New Commercial Agency Law in the United Arab Emirates

Feb 08 2023 Sara Mansuri
The United Arab Emirates is ranked as 16th in the World Bank’s Doing Business Report 2020. It has scored 80.9 out of 100 for ease of doing business and has been the strongest performer in the Middle East and in North Africa. The UAE government, recognizing and believing that the modernization of legal systems goes hand in hand with economic advancement and social progress, has passed a new law on June 15th 2022 on commercial agencies.

The new law, which repeals a 40 year long legislation, increases the region’s attractiveness and competitiveness of the business environment in order to keep pace with future economic trends.

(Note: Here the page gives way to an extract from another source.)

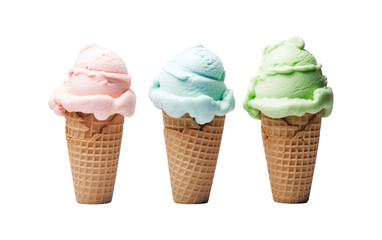 Ice cream scoops in green pink blue on cone Isolated on a Transparent Background PNG.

As under the old law, a commercial agency under the new law includes the agent acting on behalf of the principal for a commission including the distributor buying from the principal and selling on its own account in the territory. The new commercial agency law defines an agent to include (i) a natural person who is a UAE national, (ii) a private or public legal person such as a corporate entity and (iii) international companies in certain limited cases and only if allowed by the cabinet in the future.

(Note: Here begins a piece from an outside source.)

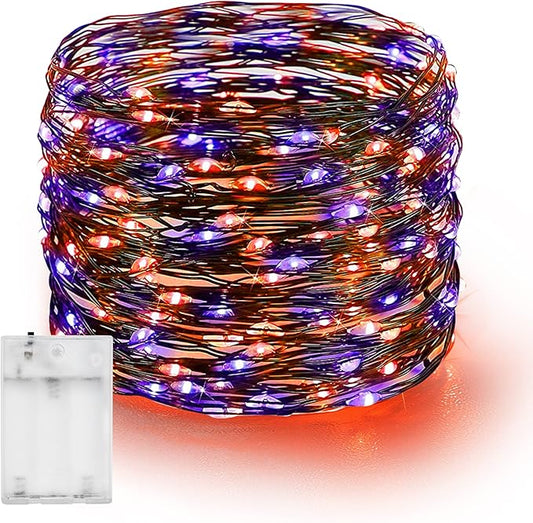 Dazzle Bright Fairy String Lights, 20FT 60 LED Copper Wire Battery Operated Waterproof Lights, Halloween Decorations for Indoor Home Outdoor Patio Yard Party Decor (Purple and Orange, 1)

Only those private companies owned by UAE nationals can be commercial agents. Most importantly, international companies subject to the Cabinet approval and further definition of requirements, can in future, become commercial agents of their own business provided they meet the following criteria which are (i) they do not already have a commercial agent in the UAE and (ii) they are new to the market and did not previously have a registered commercial agency in the market.

When it comes to terminating an agency contract, the new commercial agency law allows for two additional ways of terminating the agency contract which are either upon the expiration of the contract term provided it has not been renewed by the parties or upon unilateral termination by either party as per the conditions stipulated in the agency contract.

In cases of non-renewals of a limited term agency contract principals must pay attention to the notice periods provided for by the new commercial agency law. The party not wishing to renew the contract must notify the other party of the non-renewal one year before the expiration of the term or before the lapse of one half of the contract term whichever period is shorter unless the parties agree otherwise. In general, the agent will be entitled to claim compensation from the principal for the damages that occurred as a result of the expiration or termination. In case of an expiration at the end of the contract term, this compensation can contractually be excluded.